── Supplied data ──

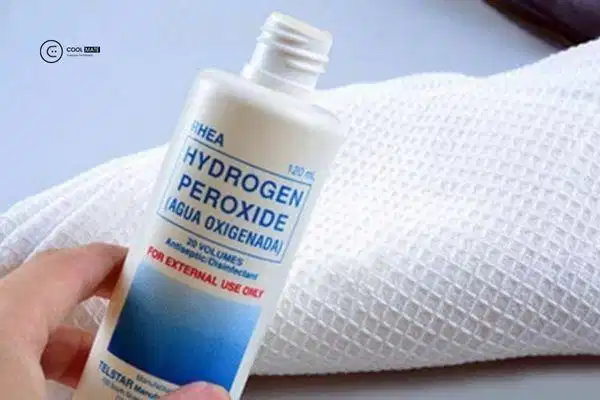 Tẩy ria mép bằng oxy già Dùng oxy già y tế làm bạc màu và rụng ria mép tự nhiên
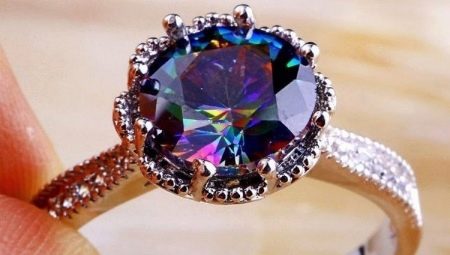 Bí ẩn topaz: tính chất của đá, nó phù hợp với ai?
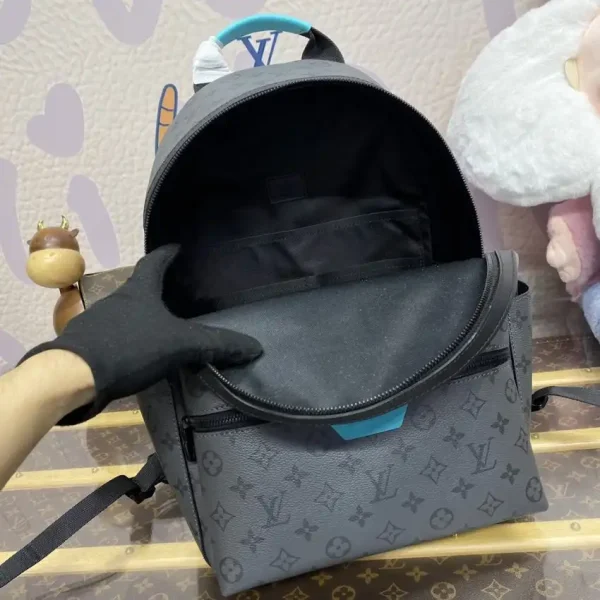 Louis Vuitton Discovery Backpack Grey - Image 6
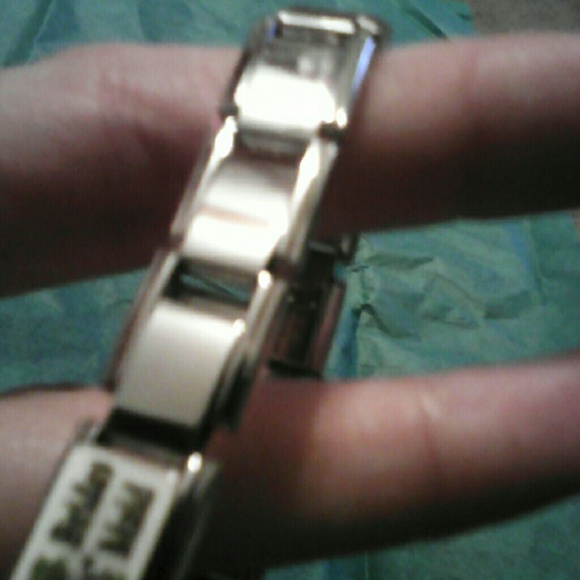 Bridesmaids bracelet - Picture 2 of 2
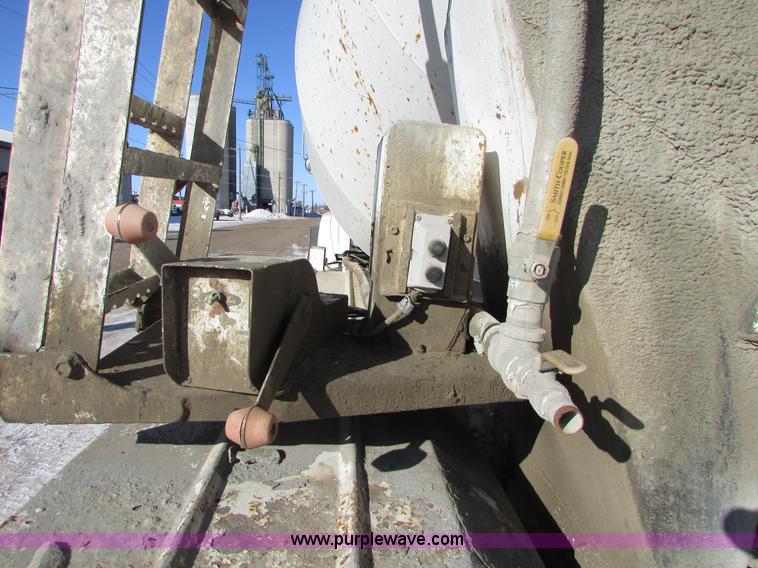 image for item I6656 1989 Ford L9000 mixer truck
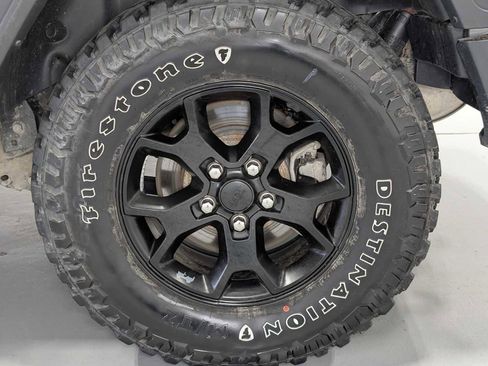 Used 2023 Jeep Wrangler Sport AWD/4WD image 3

───

• Action item
Leave every picture out and write out, word for word, the lines from the one that contains "image for item" through the last line of the records.

• Answer for this exercise
 image for item I6656 1989 Ford L9000 mixer truck
 Used 2023 Jeep Wrangler Sport AWD/4WD image 3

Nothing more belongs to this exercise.